## [Dataset excerpts]
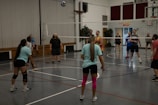 Young students competing in a lively indoor volleyball match with cheering teammates.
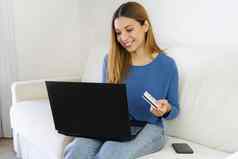 巴西美丽的女孩购物在线信贷卡移动PC坐着沙发首页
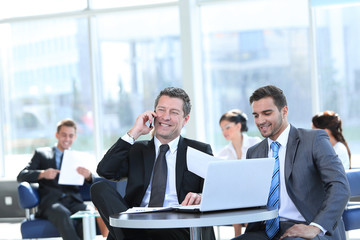 serious businessman talking on mobile phone sitting at your Desk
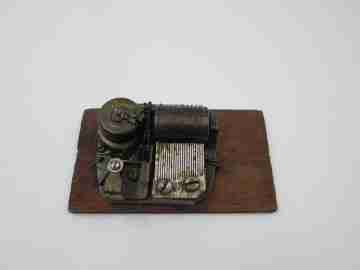 Swiss music box mechanism. Wind up movement. Wood stand. 1940's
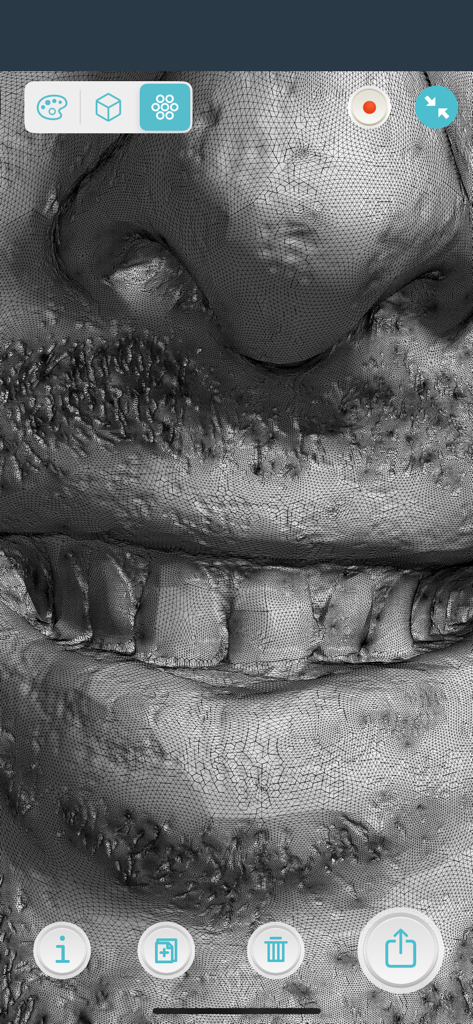 High-resolution 3D wireframe mesh of a human face and teeth in the Qlone Dental Pro app interface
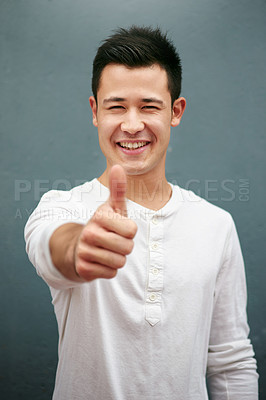 Buy stock photo Studio portrait of a handsome young man showing thumbs up against a grey background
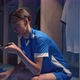 Asian Young Soccer Player Man Talking with Phone Sitting in the Locker Room at the Gym or Stadium - VideoHive Item for Sale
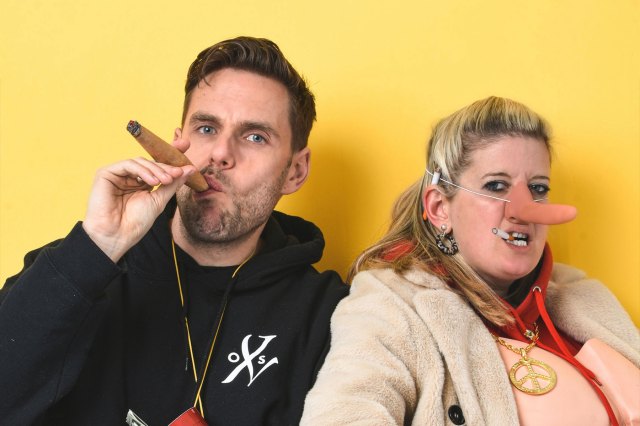 Un homme fumer un cigare et une femme portant un faux nez long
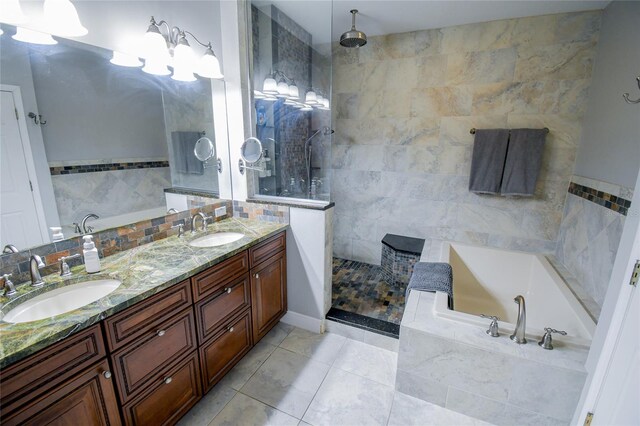 bathroom featuring tile walls, tile patterned flooring, vanity, and separate shower and tub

## [Work instruction]
Please set down the whole listing exactly, apart from the pictures.

## [Solution below]
 Young students competing in a lively indoor volleyball match with cheering teammates.
 巴西美丽的女孩购物在线信贷卡移动PC坐着沙发首页
 serious businessman talking on mobile phone sitting at your Desk
 Swiss music box mechanism. Wind up movement. Wood stand. 1940's
 High-resolution 3D wireframe mesh of a human face and teeth in the Qlone Dental Pro app interface
 Buy stock photo Studio portrait of a handsome young man showing thumbs up against a grey background
 Asian Young Soccer Player Man Talking with Phone Sitting in the Locker Room at the Gym or Stadium - VideoHive Item for Sale
 Un homme fumer un cigare et une femme portant un faux nez long
 bathroom featuring tile walls, tile patterned flooring, vanity, and separate shower and tub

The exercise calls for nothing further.